PROBLEM TO WORK ON: Send back the records exactly as written, with no images.

Pictures with short captions:
..........

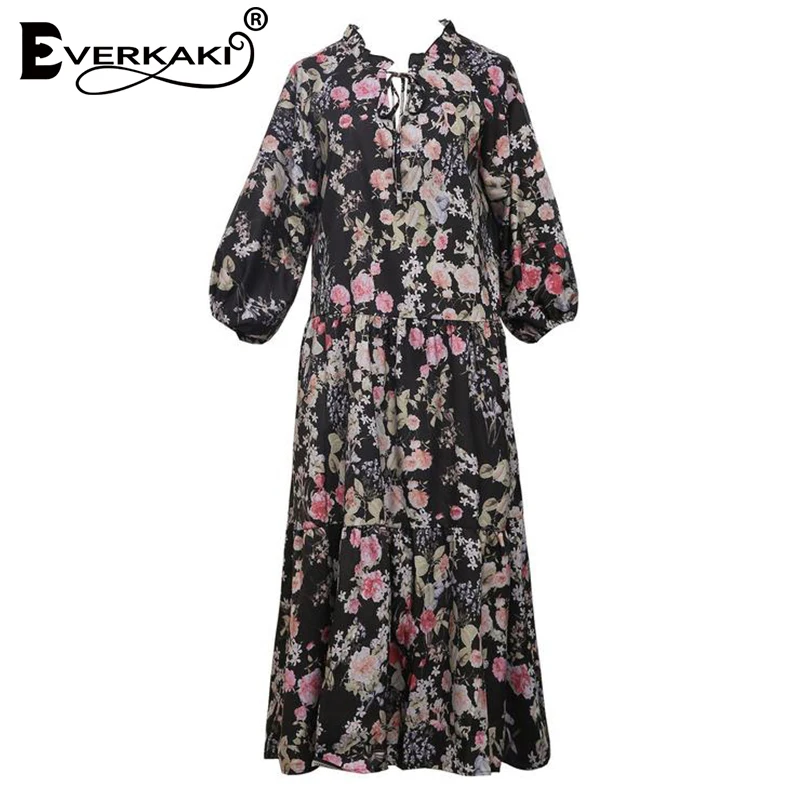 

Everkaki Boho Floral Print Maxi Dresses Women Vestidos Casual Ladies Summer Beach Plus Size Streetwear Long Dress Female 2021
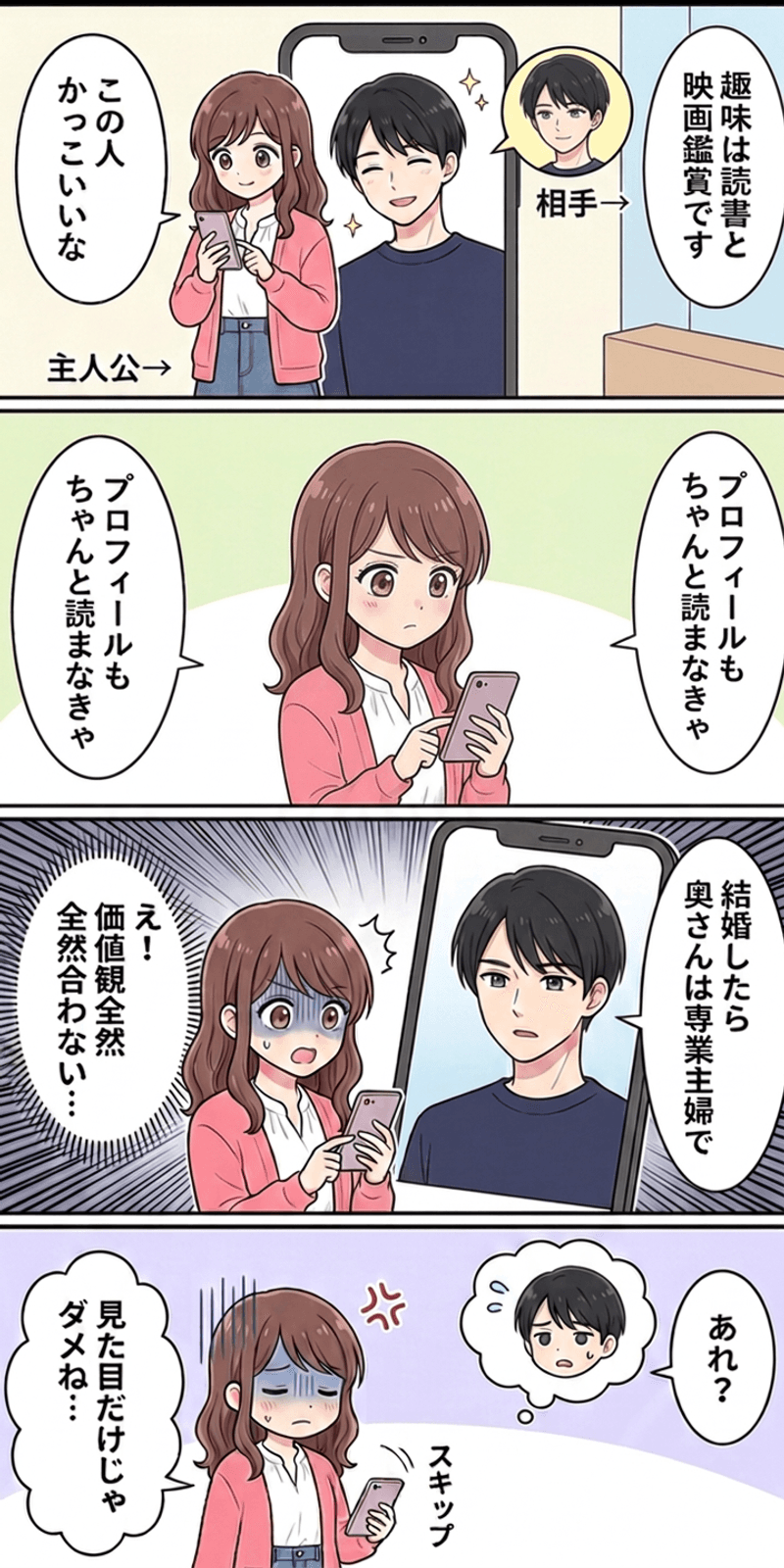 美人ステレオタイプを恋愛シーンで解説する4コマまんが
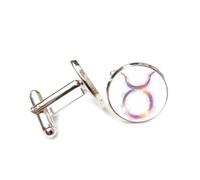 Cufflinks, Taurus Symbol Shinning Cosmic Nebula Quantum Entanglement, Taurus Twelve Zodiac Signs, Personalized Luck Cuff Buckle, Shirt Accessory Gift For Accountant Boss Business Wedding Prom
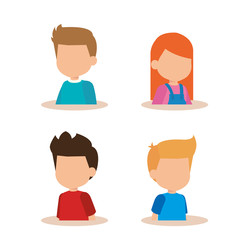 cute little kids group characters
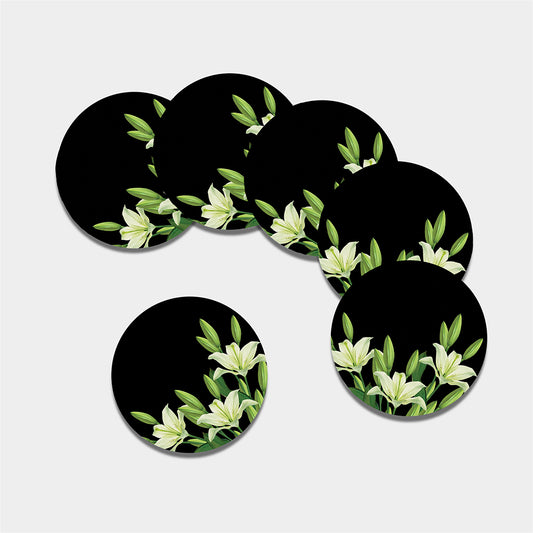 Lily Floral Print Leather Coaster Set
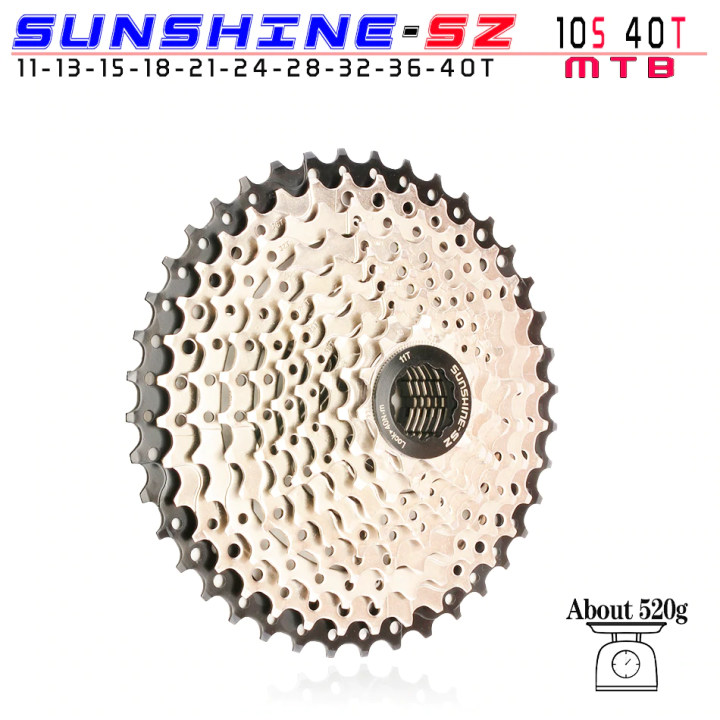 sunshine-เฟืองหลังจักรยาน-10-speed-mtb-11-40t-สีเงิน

..........

RESPONSE AREA:
Everkaki Boho Floral Print Maxi Dresses Women Vestidos Casual Ladies Summer Beach Plus Size Streetwear Long Dress Female 2021
 美人ステレオタイプを恋愛シーンで解説する4コマまんが
 Cufflinks, Taurus Symbol Shinning Cosmic Nebula Quantum Entanglement, Taurus Twelve Zodiac Signs, Personalized Luck Cuff Buckle, Shirt Accessory Gift For Accountant Boss Business Wedding Prom
 cute little kids group characters
 Lily Floral Print Leather Coaster Set
 sunshine-เฟืองหลังจักรยาน-10-speed-mtb-11-40t-สีเงิน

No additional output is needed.